The AMC series Mad Men is set in the 1960s and fits the genre of historical fiction. As the show has progressed, civil rights and women’s rights have slowly (or not so slowly) influenced character development. The authority and privilege of white men are questioned again and again. As gender roles shift in the direction of egalitarianism, many of the male characters are flummoxed, disoriented, and even angry. Their existential angst breaks through the surface of their successes in business. In order to maintain some semblance of psychological security and relational stability in a rapidly changing world, they have to reconstruct their personal and professional relationships on more democratic, communicative bases.

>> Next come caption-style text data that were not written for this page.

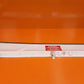 2422510-84 Cessna Citation 650 Speedbrake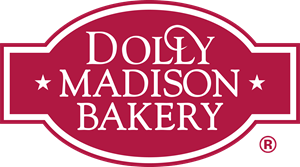 Dolly Madison Logo PNG Vector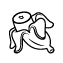 Mi Logo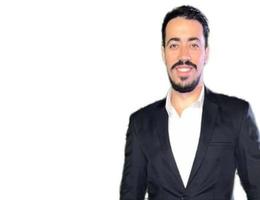 Abdelrahman sayed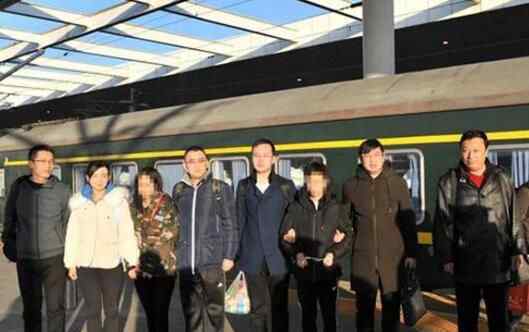 男子网恋空姐被骗 诈骗真相简直太可恶了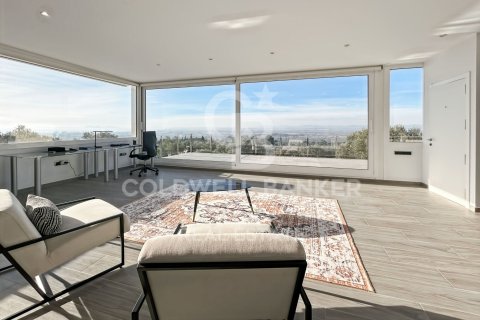 4 bedrooms house for sale in Palau-saverdera, Girona, Catalonia, Spain № 5376 - photo 9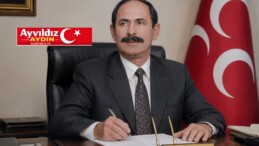 Ortaklar’ın Gönlünde Yaşayan Başkan: Hayrettin Öner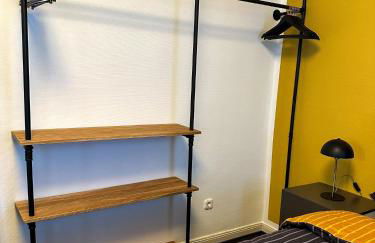 bee Design Apartment + Zentral + Küche + Parken - Foto 5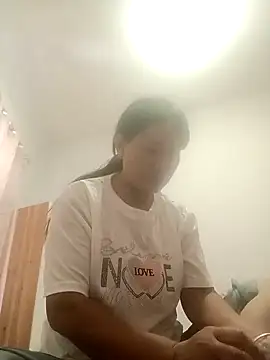 doounn online show from 06/28/26, 01:12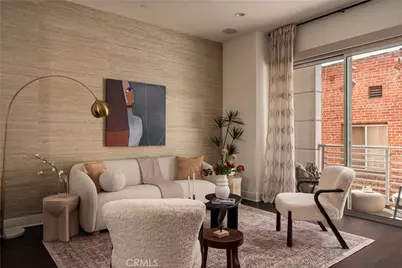 2204 Tom Mix, Los Angeles, CA 90026 - Photo 4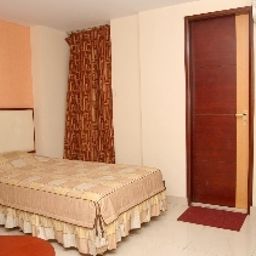 Room Landmark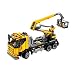 LEGO® TECHNIC® Dirt Bike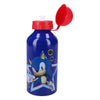 Vadobag biberón sonic realmente refrescante - 500ml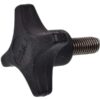 NOA Bolzen mit Griff M8 L=20mm 1042297 noa bolzen mit griff m8 l 20mm 101903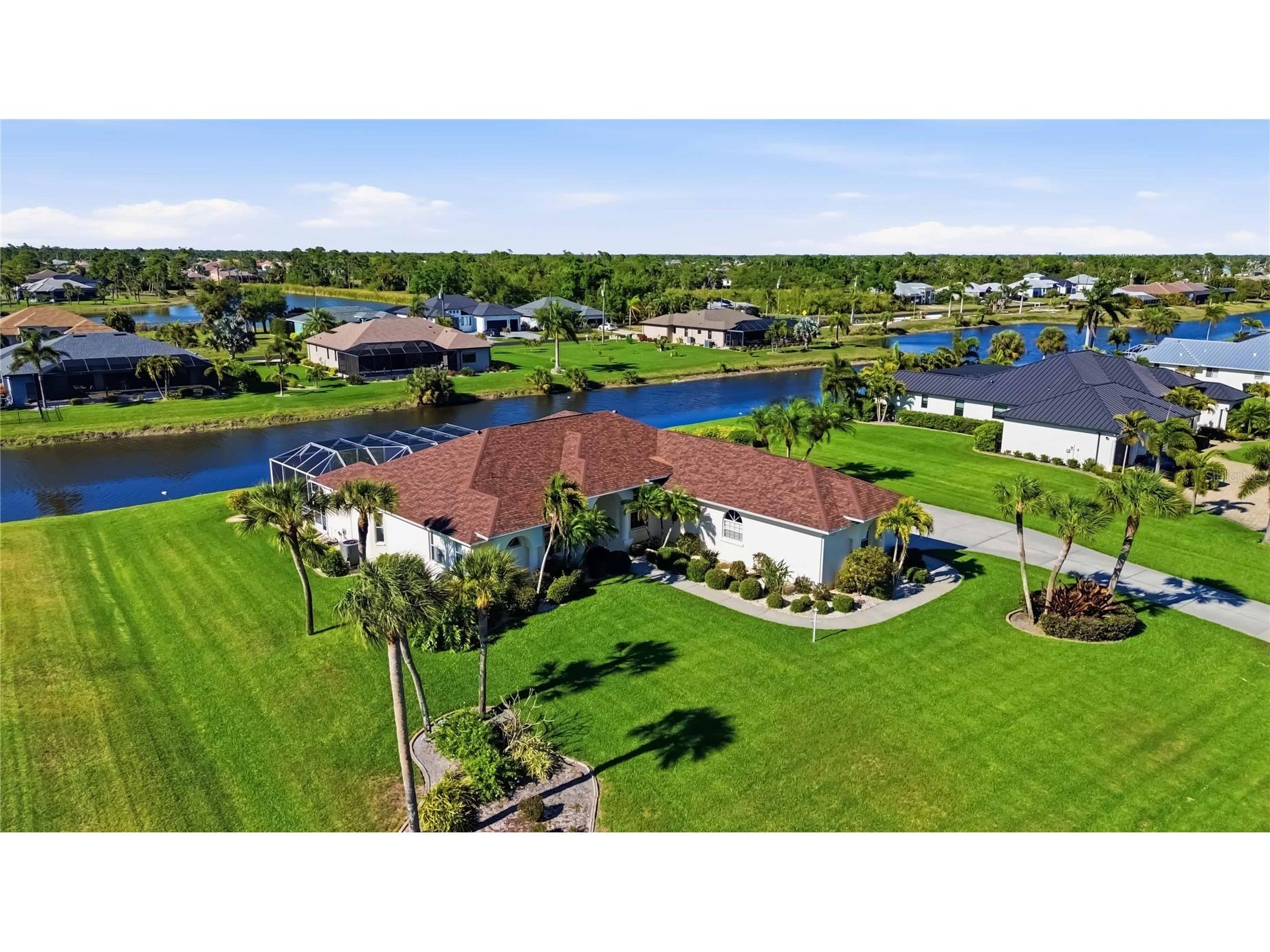 1132 Boundary Boulevard Rotonda West FL 33947 D6146670 image61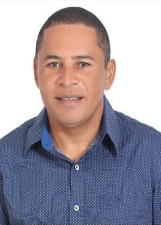 Foto de VITOR NETO DA COSTA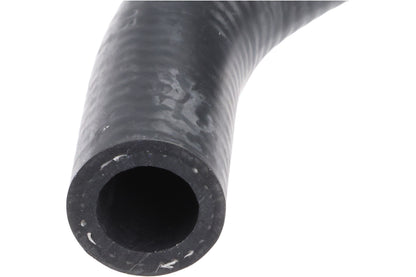 URO HVAC Heater Hose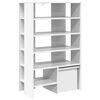 Thumbnail &Pi;&rho;&omicron;ϊό&nu;&tau;&omicron;&sigmaf; 5 &alpha;&pi;ό 17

These three television shows do not directly address our contemporary culture wars. Instead, they invite us into the angst of these realities in our own lives through empathetic, parasocial interactions. (Parasocial relation is a technical term in media and culture studies, which refers to the “intimate, friend-like relationship that occurs between a mediated persona and a viewer.”[1]) As such, I wonder if these TV shows can become a transformational impulse in personal and communal identity. Might the Spirit of God use the richly textured narratives of these TV characters as a means of opening our hearts and minds to see real people, including ourselves, as God sees them? Might the combination of empathy and exasperation toward these characters make us aware of our own entanglement in similar dehumanizing processes and structures? When we see no way forward and no way out, and when our lived reality seems to be the antithesis of God’s kingdom, maybe we’ll be inspired to pray for Christ to transform us and our culture so that those cultural divides and hierarchies that the Apostle Paul declared to no longer define human existence—male vs. female, Jew vs. Greek, slave vs. free (and we could expand that list today)—really will lose their power to steal, kill, and destroy. 

 


[1] Rebecca B. Rubin and Michael P. McHugh, “Development of Parasocial Interaction Relationships,” Journal of Broadcasting & Electronic Media 31/3 (1987), 279.